Deep Web: Anonyme Parallelwelt im Internet
Tummelplatz für Kriminelle?
"Wir suchen einen großen Anbieter von Hasch, Weed, Ecstasy, Speed und LSD" – was sich zunächst anhört, als wäre es nicht für fremde Ohren bestimmt, wird an einem Ort tagtäglich von Tausenden gelesen: im Deep Web. Hier gibt es weder Regeln noch Kontrollen, dafür aber einhundertprozentige Anonymität. Wie sonst könnten Internetnutzer wie der oben zitierte User 'Unbekannter' nach einer "vertrauenswürdigen und verlässlichen Geschäftsbeziehung in Nordrhein-Westfalen oder nahem Grenzgebiet" suchen?
Foreneinträge wie diese sind im unsichtbaren Netz (Hidden Web) – besser bekannt als Deep Web – keine Einzelfälle, sondern gang und gäbe. Wer Kreditkartendaten, die neuesten Hollywoodfilme oder gar einen Auftragsmörder benötigt, ist davon auch nur einen Mausklick entfernt. Es klingt auf den ersten Blick nach einem Tummelplatz für Kriminelle im Internet, dabei ist das Deep Web viel mehr als das, erklärt Axel Kossel vom Computermagazin 'c’t': "Es handelt sich um Bereiche im Internet, die nicht frei zugänglich sind und von Suchmaschinen auch nicht gefunden werden."
Seriöse Zahlen über die Ausmaße der digitalen Parallelwelt gibt es keine, doch es soll um ein Vielfaches größer sein als der sichtbare Teil des Netzes (Visible Web). "Der Großteil des Deep Webs sind riesige Datenbanken, beispielweise von der EU oder NASA, zu denen man nur über Passwörter Zugriff hat", sagt Kossel RTL Aktuell Online.
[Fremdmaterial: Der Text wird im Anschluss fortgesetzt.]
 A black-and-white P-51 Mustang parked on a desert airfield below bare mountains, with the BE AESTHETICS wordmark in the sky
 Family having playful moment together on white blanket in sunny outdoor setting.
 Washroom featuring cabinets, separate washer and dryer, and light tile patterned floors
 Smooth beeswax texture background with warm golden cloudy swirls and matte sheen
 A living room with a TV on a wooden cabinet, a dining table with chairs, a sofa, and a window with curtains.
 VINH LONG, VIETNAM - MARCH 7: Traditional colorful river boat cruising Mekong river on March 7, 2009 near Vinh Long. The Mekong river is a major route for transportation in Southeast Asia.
Er macht keinen Hehl daraus, dass bestimmte Bereiche "bisweilen auch für kriminelle Aktivitäten genutzt werden".
Umso erstaunlicher ist, dass man zum Betreten dieser geschlossenen Zirkel kein Hacker und schon gar kein Auserwählter sein muss. Das sprichwörtliche 'TOR' zum Deep Web steht jedem offen. Mit der gleichnamigen kostenlosen Software (TOR = The Onion Routing) surft jeder Internet-Laie anonym durchs Netz. Die Zwiebel steht stellvertretend für die zahllosen Verschleierungsebenen, die der PC-Client permanent durchläuft – Server-Verbindungsknoten auf der ganzen Welt, die den Usern ihr Schattendasein garantieren. Kurz gesagt: Die ständig wechselnde IP-Adresse macht eine Identifikation in den Datenautobahnen des Deep Webs nahezu unmöglich.
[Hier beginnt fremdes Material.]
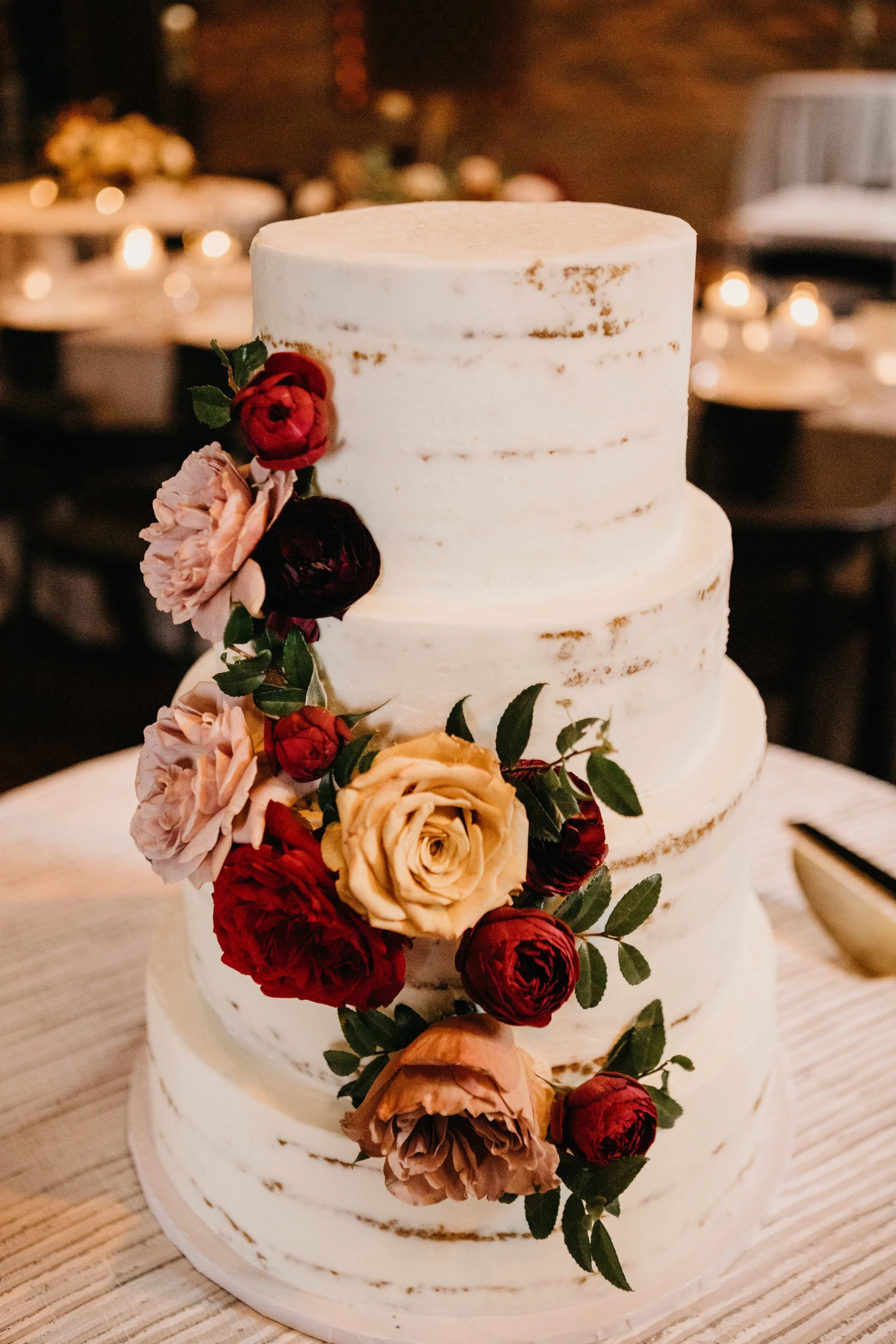 Naked cake with full floral cascade of garden roses in shades of burgundy, golden yellow, and dusty rose pink. Nashville, TN luxury wedding floral design by Rosemary & Finch.
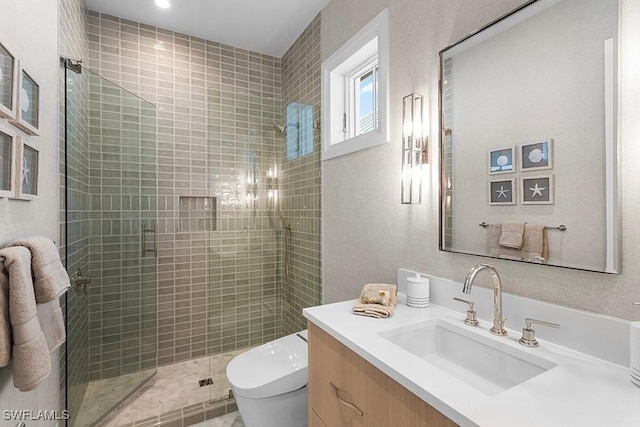 bathroom with toilet, a stall shower, and vanity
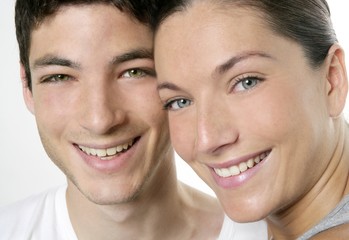 Beautiful young couple closeup portrait over white
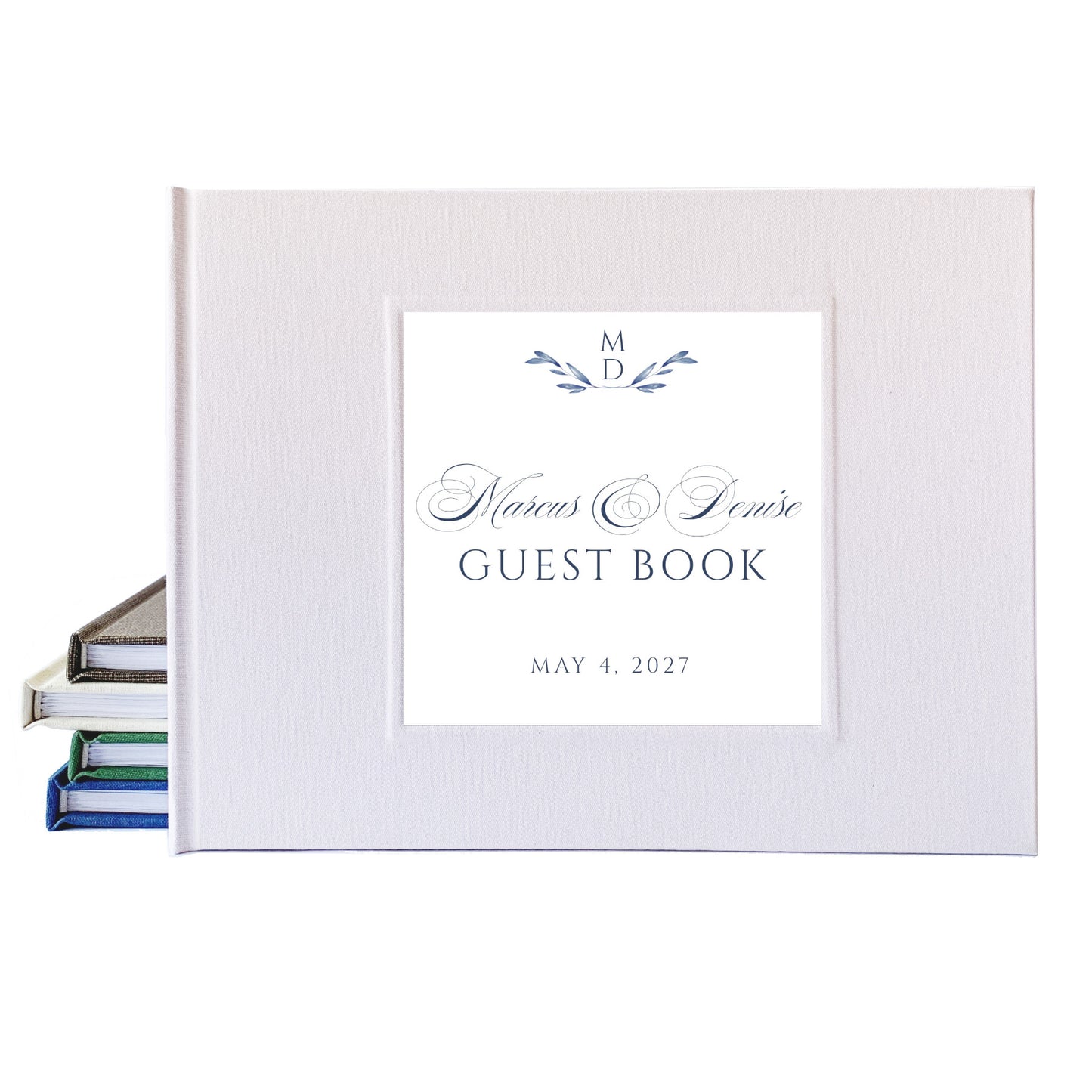 Personalized white linen wedding guest book with traditional script font used for the bride and groom's names.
Das kommt gut an: In Ländern wie Iran, China und Russland erfreut sich das Anonymisierungsprogramm zur Umgehung staatlicher Zensurapparate großer Beliebtheit. Und auch in Deutschland steigt die Nachfrage nach dem Zwiebel-Netzwerk. Surften im Dezember 2011 noch 33.836 Deutsche täglich unerkannt durchs Netz, waren es im Januar schon 45.733 – ein Anstieg von 26 Prozent. Nur im Iran und den USA gibt es mehr Nutzer.
Anonymous kämpft gegen Kinderpornographie
Doch 'TOR' ermöglicht nicht nur Anonymität im Netz, sondern auch Zugriff auf Bereiche, die den Suchmaschinenriesen verborgen bleiben. Als Schaltstelle und Herz des unsichtbaren Webs fungiert das sogenannte 'Hidden Wiki'. Ab hier heißt es: "Willkommen in der rechtsfreien Zone, Willkommen in der Anarchie." Gaunerherz, was willst du mehr?
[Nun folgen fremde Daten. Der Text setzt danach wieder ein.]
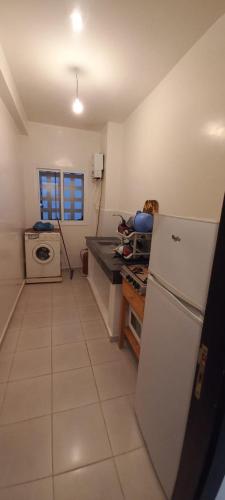 a kitchen with a white refrigerator and a stove at Appartement à louer uniquement pour les familles in Al Hoceïma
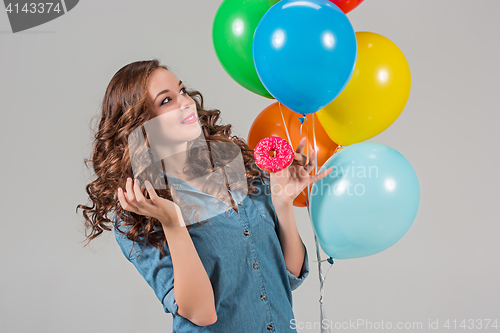 Image of girl with bunch of colorful balloons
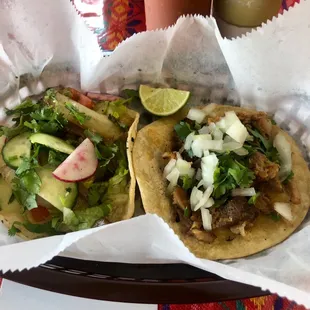 Veggie and carnitas tacos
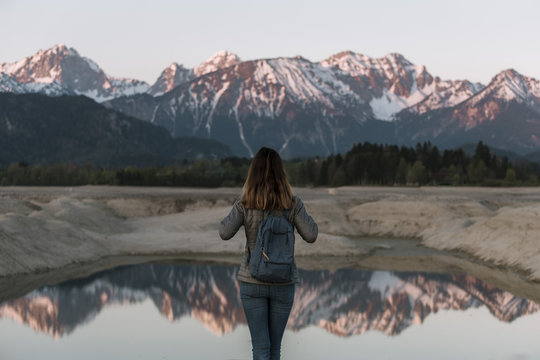 Young adult woman standing in front of a lake with glowing mountains reflected in it at sunrise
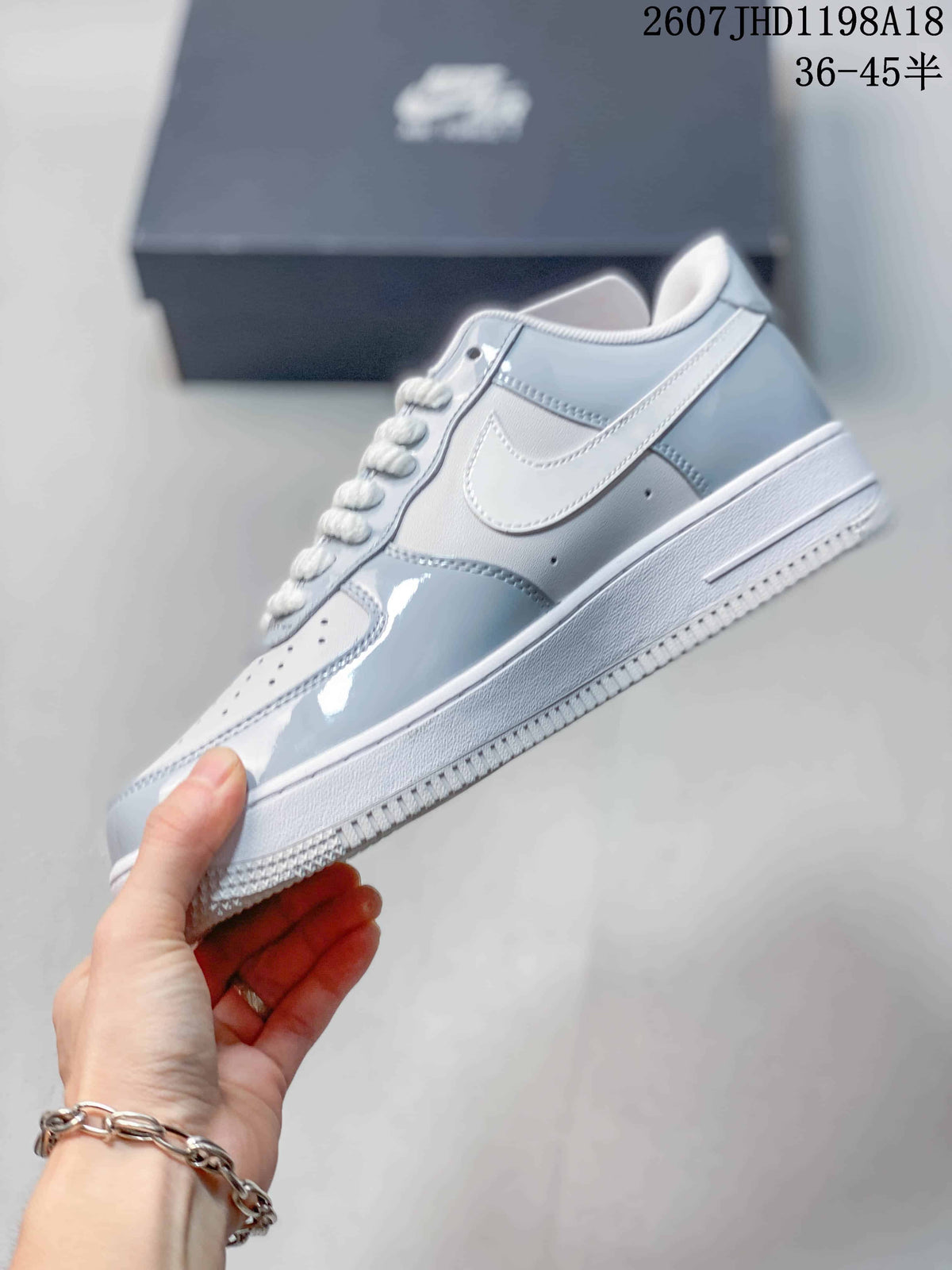 Side view of the gray and white sneaker showing the white Swoosh, layered panels, laces, and rubber sole.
Wer eine große Auswahl an verschiedenen Drogen und Waffen sucht, sollte beim Online-Marktplatz 'Silk Road' (Seidenstraße) vorbeischauen. Käufer zahlen hier nicht mit Dollar oder Euro, sondern mit der sogenannten Online-Währung Bitcoin. Hierfür gibt es im Deep Web eigene Devisenmärkte, die als Wechselstuben agieren (sieben Dollar = ein Bitcoin). So bietet 'Hidden Wiki' für jedes Klientel den richtigen Link: vom Computernerd über den Waffenhändler bis zum Dissidenten.
Dass diese Kommunikationsplattform zunehmend zum Kleinanzeigenmarkt und zur Kontaktbörse für Kriminelle verkommt, ist einem Großteil der Internet-Aktivisten ein Dorn im Auge. Weitaus mehr beunruhigt die unsichtbaren User jedoch das immense Angebot an kinderpornographischen Inhalten, die unter dem Schutzmantel der Anonymität in aller Öffentlichkeit angeboten und nachgefragt werden.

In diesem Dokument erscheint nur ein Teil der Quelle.